The Virginian-Pilot
                             THE VIRGINIAN-PILOT 
              Copyright (c) 1995, Landmark Communications, Inc.

DATE: Tuesday, July 25, 1995                 TAG: 9507250001
SECTION: FRONT                    PAGE: A10  EDITION: FINAL 
TYPE: Editorial 
                                             LENGTH: Medium:   62 lines

PREGNANT WOMEN AND AIDS TARGET THE TESTS

Each year, 4 million American women become pregnant. Of those 4 million, according to the federal Centers for Disease Control and Prevention estimates, 7,000 are HIV-positive. Of their babies, 2,000 will be HIV-infected at birth. Studying what prevents most babies from contracting HIV from their mothers may help direct science to a cure. Meantime, a recent study indicates that the drug AZT, administered during pregnancy and through labor and delivery, reduces the chances of HIV transmission from mother to baby from about 25 percent to about 8 percent.

So CDC now recommends that counseling about HIV and offering an HIV test become routine in public and private prenatal care. Fine. Counselors who educate women in the ways HIV is contracted can more fully advise them about their pregnancy and their general health.

A coalition of AIDS organizations and religious groups is lobbying for a further step.
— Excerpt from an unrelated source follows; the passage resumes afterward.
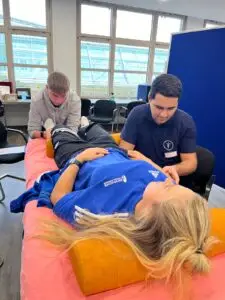 Eine Frau liegt auf einer Liege und wird von zwei jungen Männern untersucht. Die Frau trägt ein blaues Trikot mit einem Logo, während die Männer sportliche Kleidung tragen. Der Raum hat große Fenster im Hintergrund.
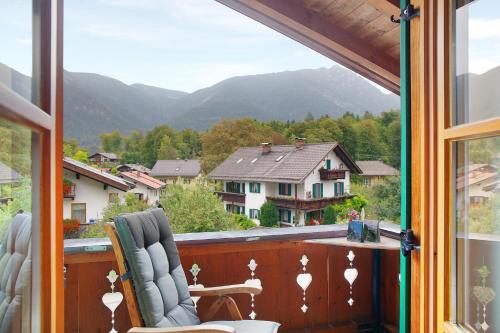 a balcony with a chair and a view of mountains at Ferienwohnung Kramernest in Grainau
They want mandatory HIV testing of all newborns included in the reauthorization of the Ryan White Care Act, which funds AIDS treatment.

But is mandatory testing, at public or private expense, necessary for all those millions of newborns necessary? Particularly in a time of budget constraints in the public and the private sectors, is that the wisest use of health-care dollars?

Fewer than .002 percent of pregnant women are HIV-infected. Their numbers are not distributed evenly through the population. Some groups are far more at risk of HIV infection than others. Isn't testing, particularly at public ex-pense, better directed at those populations primarily at risk?

In women as in men, AIDS is overwhelmingly a behavior-based disease. The latest year for which CDC has data is 1993, a year in which the definition of AIDS was widened to include symptoms that may precede AIDS in women:

Of the 12,789 new cases of AIDS in American women, 72% were African American (7,171 cases, or 56%) and Latino (2,091/16%).

Of those 12,789 infections, 63% were contracted from injecting drug use (5,983/47%) or sex with an injecting drug user (2,042/16%); 18% were contracted from heterosexual sex, primarily unprotected and-or anal sex.

New cases among females ages 13-19 rose 275 percent, from 57 to 157.

New cases among females ages 20-29 rose 116 percent, from 1,370 to 2,962. New cases among females ages 30-39 rose 125% from 2,715 to 6,131. New cases among females ages 40-49 rose 102%, from 1,245 to 2,523.

Most of this population is low-income. The greater burden for testing newborns for HIV infection would fall on public funds. But the presumption that all women of child-bearing age who receive Medicaid are at risk for AIDS is repugnant. So is a presumption against asking them about risky behaviors and counseling them about AIDS' consequences and treatment for women and babies.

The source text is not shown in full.